Elkins, Zachary. "Gradations of Democracy? Empirical Tests of Alternative Conceptualizations". American Journal of Political Science, Vol.44, No.2 (2000): 293-300.

  • Apparently there is a dispute between political scientists, including a source mine of opinions on the issue, over whether intermediate categories should exist between democracy and dictatorship. The author argues that it makes sense in the light of increasingly specific methods of data collection (293).
    • Dr. Przeworski supports a dichotomy between democracy and dictatorship on the grounds that democracy cannot exist by degree, but rather exists or does not exist. The question of degrees is therefore invalid (293).
  • A measure of democracy has 'construct validity' if it is a good predictor of phenomenon associated with democracy. Since there is political science research about the behavior of democracies -- where indices of democracy can be used as a variable -- it would make sense to measure degrees of democracy if that degree is a good predictor of behavior associated with 'democracy-ness' (294).

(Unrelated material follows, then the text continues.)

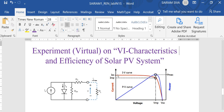ISC is the short circuit current, VOC is the open circuit voltage, IMP is the current at the maximum power point, and VMP is the voltage at the maximum power point.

    • Drawing on the notion that democracies do not fight other democracies, the author tests whether graduated scales of democracy or dichotomies do a better job predicting wars by democracies. A test shows that a graded measure is predictive, whereas a dichotomy is totally unhelpful (294-296).
    • Based on theories of regime stability being high with strict authoritarian regimes and democracies and weak for hybrid governments, the author runs a number of complex statistical tests, which demonstrate that a dichotomy is a good measure for this, although then a graded scale still has more practical predictive uses (296-297).
  • Dr. Przeworski makes a claim that even if graded scales are better representations of 'actual democracy', they are more likely to contain error than a dichotomy because it is difficult for error to be introduced if the only possible values are 1 and 0. This, however, is only because a graded scale provides greater specificity than a dichotomy cannot (298-299).